Red Light Therapy: What It Is, What It Does, and Why People Use It
Red light therapy didn’t start in a wellness studio — it started with NASA.
In the early 1990s, researchers began studying how specific wavelengths of red and near-infrared light could support plant growth in space. That work quickly expanded into human research, exploring how light could influence cellular function, tissue repair, and healing.
Fast forward, and red light therapy has become one of the most talked-about tools in recovery and wellness — and still one of the most misunderstood.
It’s not a tanning bed. It’s not the same thing as an infrared sauna. And it’s not just sitting under a red glow.
The clinical term you’ll see in research is photobiomodulation (PBM) — the use of specific wavelengths of light to influence how cells function. Over the past two decades, it’s been studied across skin health, recovery, and inflammation, with a growing body of evidence supporting its use in targeted applications.

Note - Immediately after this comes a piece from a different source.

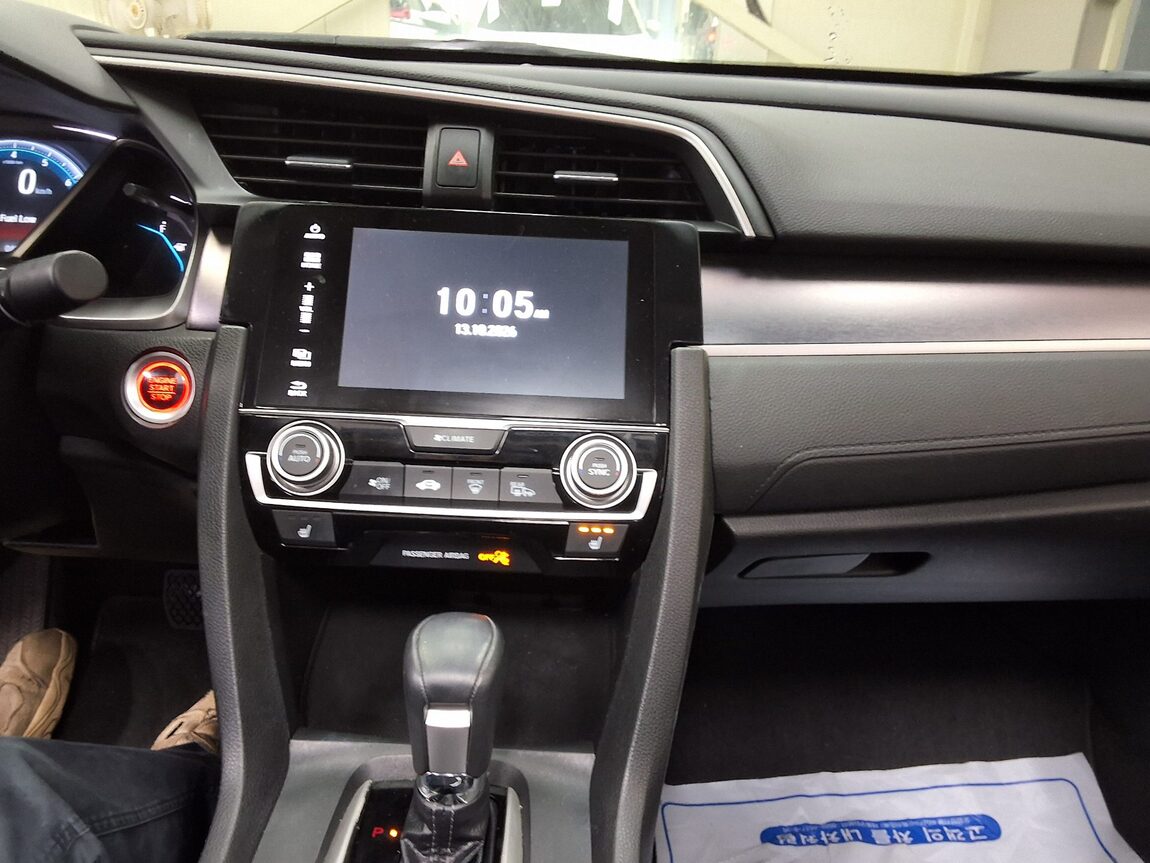 HONDA CIVIC (10TH GEN) 2 2017 - zdjęcie 24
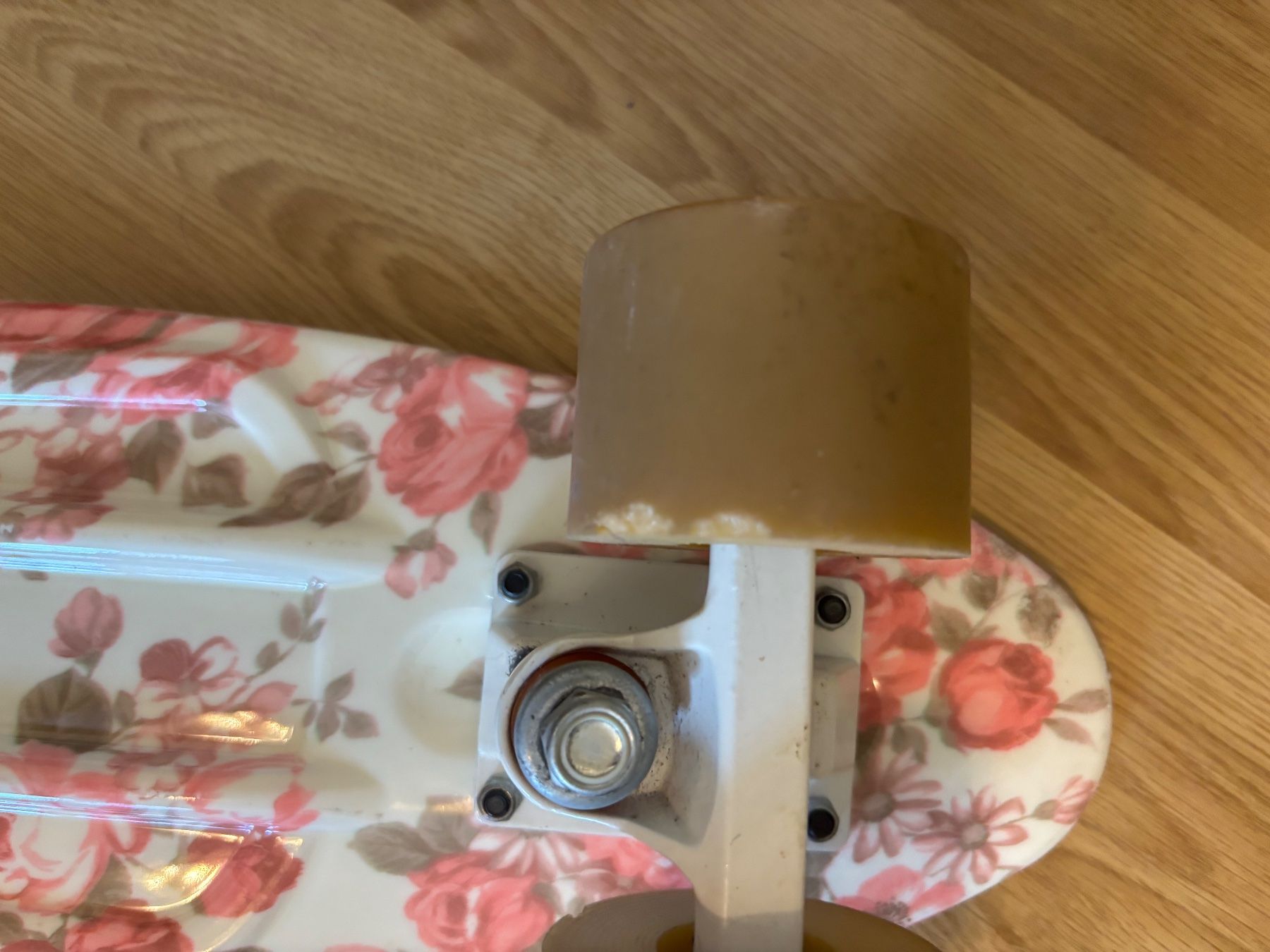 Skateboards: Pennyboard mit Blumenmuster – D'occasion à Zürich par cflower91 2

What Red Light Therapy Actually Is
Red light therapy uses specific wavelengths of red and near-infrared light to interact with tissue in a very targeted way.
At Revolve, our Prism Light Pod delivers a combination of 630 nm and 660 nm red light, along with 850 nm near-infrared light — wavelengths that have been widely studied in photobiomodulation research.
These wavelengths behave a little differently in the body. The red light (630 and 660 nm) is visible and tends to interact more with surface-level tissue, which is why it’s often associated with skin health, collagen support, and overall skin quality.
Near-infrared light (850 nm) sits just beyond the visible spectrum. You can’t see it, but your body can absorb it. Because of its longer wavelength, it’s able to penetrate deeper into tissue — reaching areas like muscles and joints — which is why it’s commonly used in recovery and inflammation-related applications.
Together, these wavelengths allow for a more complete approach, supporting both surface-level and deeper tissue responses in a single session.
The goal isn’t to heat the body like a sauna. It’s to deliver a specific light signal that your cells can absorb and respond to at different depths.
How It Works
At a cellular level, red and near-infrared light are absorbed by structures inside your cells — especially within the mitochondria, which are responsible for producing energy. A simple way to think about it: your cells run on energy, and mitochondria are what help create it.
When these wavelengths are absorbed, they can support the production of ATP (adenosine triphosphate) — the primary form of energy your cells use to function — while also influencing inflammation and circulation at the tissue level. That’s why red light therapy is often used to support recovery, skin health, and joint and muscle comfort.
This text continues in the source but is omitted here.